* _Work required_
Would you return exactly the lines below from the line with "Raw brown rice on white wooden background" through the line with "Redhead Κορίτσι Απομονώνονται", both included, and nothing else, leaving out the pictures?

* _Given data_

_ _ _ _

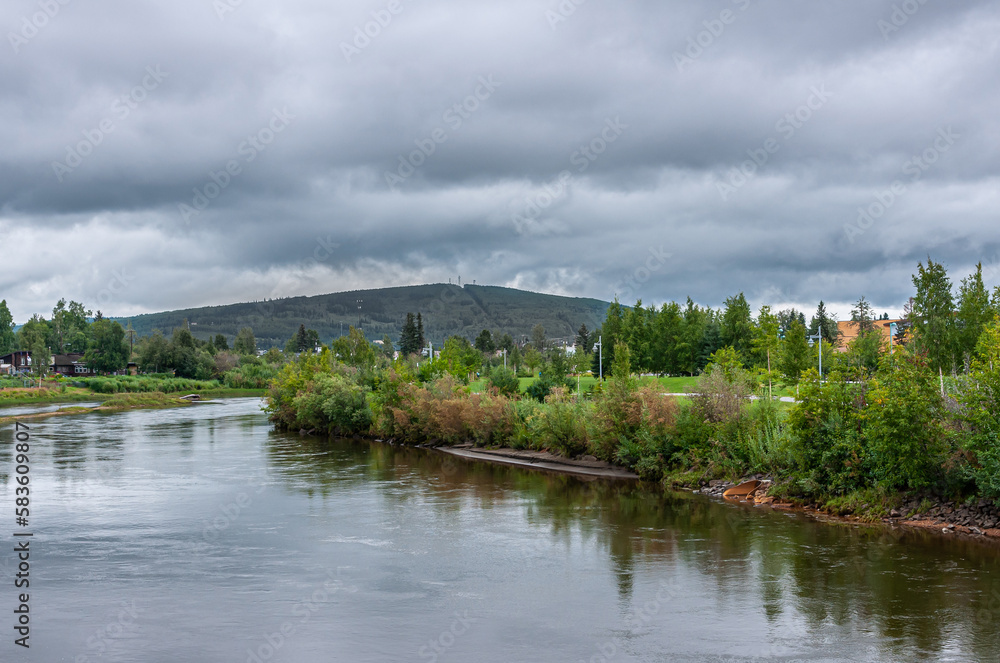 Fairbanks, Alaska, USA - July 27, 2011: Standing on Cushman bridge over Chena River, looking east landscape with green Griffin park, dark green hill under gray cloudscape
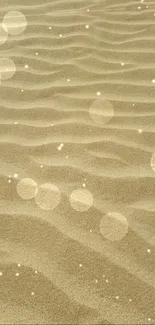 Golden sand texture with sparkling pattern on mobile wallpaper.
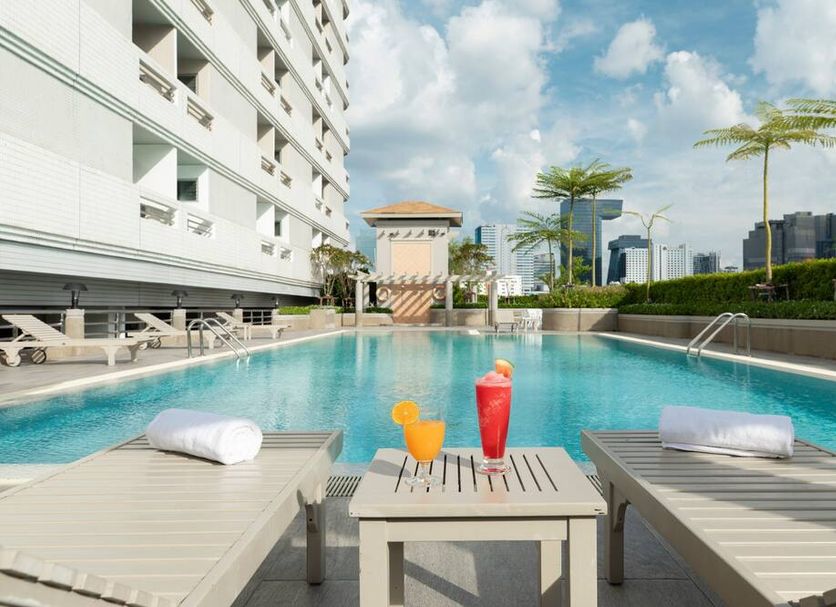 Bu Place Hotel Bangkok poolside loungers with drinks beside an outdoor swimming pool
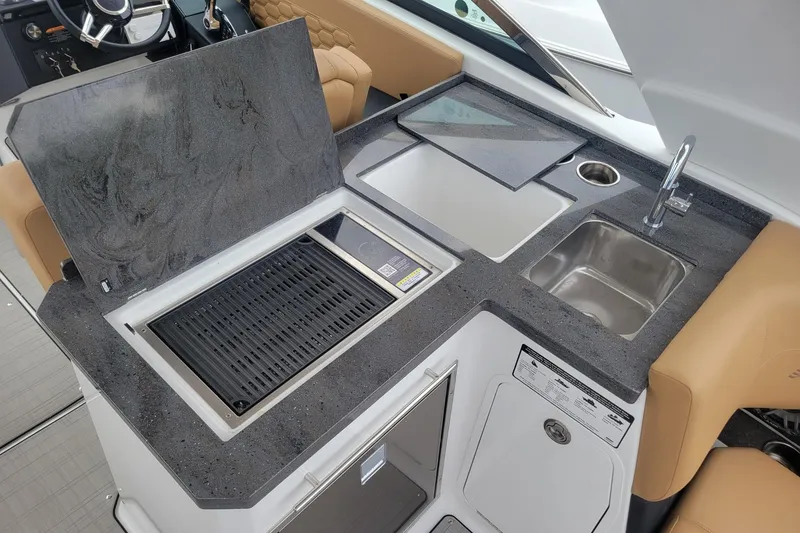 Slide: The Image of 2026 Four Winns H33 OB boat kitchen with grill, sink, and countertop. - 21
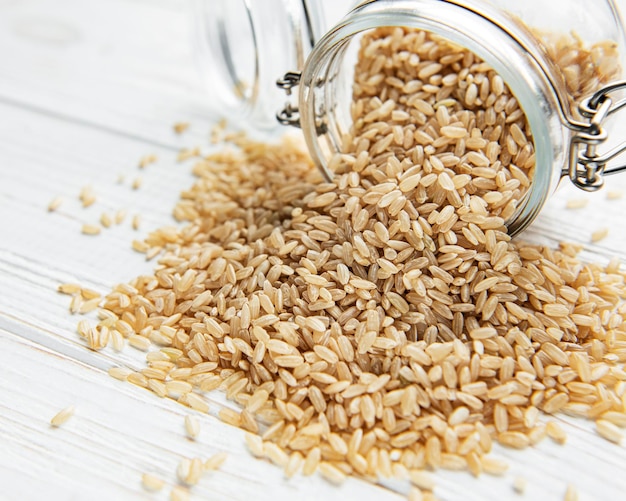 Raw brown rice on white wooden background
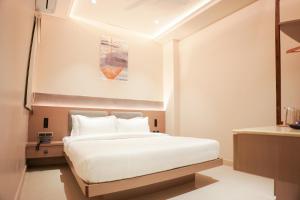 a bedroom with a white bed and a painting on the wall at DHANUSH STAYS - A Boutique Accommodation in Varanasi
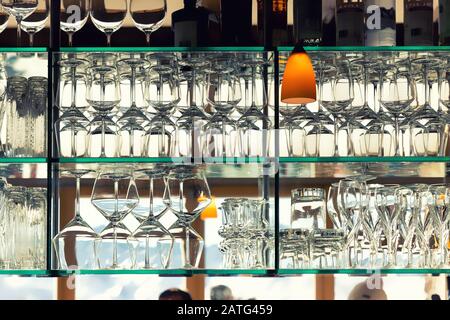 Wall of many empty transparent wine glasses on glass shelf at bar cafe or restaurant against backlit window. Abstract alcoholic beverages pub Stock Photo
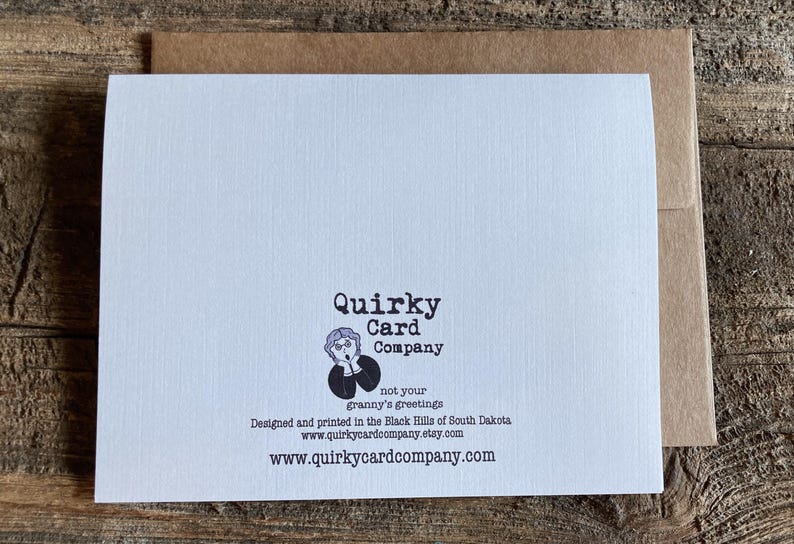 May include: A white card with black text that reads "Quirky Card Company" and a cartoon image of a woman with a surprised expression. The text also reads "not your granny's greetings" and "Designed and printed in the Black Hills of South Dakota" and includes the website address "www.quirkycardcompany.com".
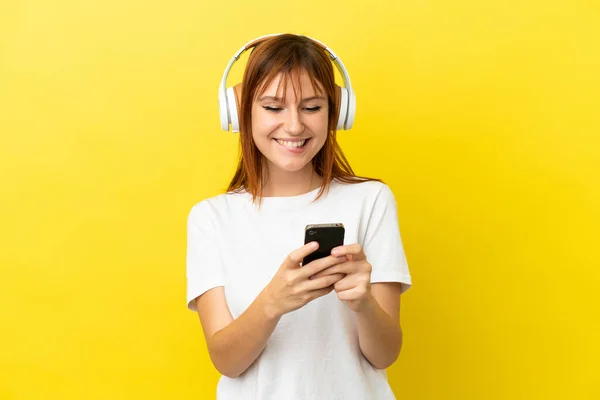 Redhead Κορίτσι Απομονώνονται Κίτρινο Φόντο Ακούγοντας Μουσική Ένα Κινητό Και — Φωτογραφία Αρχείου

_ _ _ _

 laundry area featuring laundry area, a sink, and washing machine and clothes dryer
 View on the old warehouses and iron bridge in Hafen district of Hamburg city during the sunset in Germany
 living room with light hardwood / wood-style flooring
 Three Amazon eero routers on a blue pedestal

_ _ _ _

* _Completed exercise_
 Raw brown rice on white wooden background
 a bedroom with a white bed and a painting on the wall at DHANUSH STAYS - A Boutique Accommodation in Varanasi
 Wall of many empty transparent wine glasses on glass shelf at bar cafe or restaurant against backlit window. Abstract alcoholic beverages pub Stock Photo
 May include: A white card with black text that reads "Quirky Card Company" and a cartoon image of a woman with a surprised expression. The text also reads "not your granny's greetings" and "Designed and printed in the Black Hills of South Dakota" and includes the website address "www.quirkycardcompany.com".
 Redhead Κορίτσι Απομονώνονται Κίτρινο Φόντο Ακούγοντας Μουσική Ένα Κινητό Και — Φωτογραφία Αρχείου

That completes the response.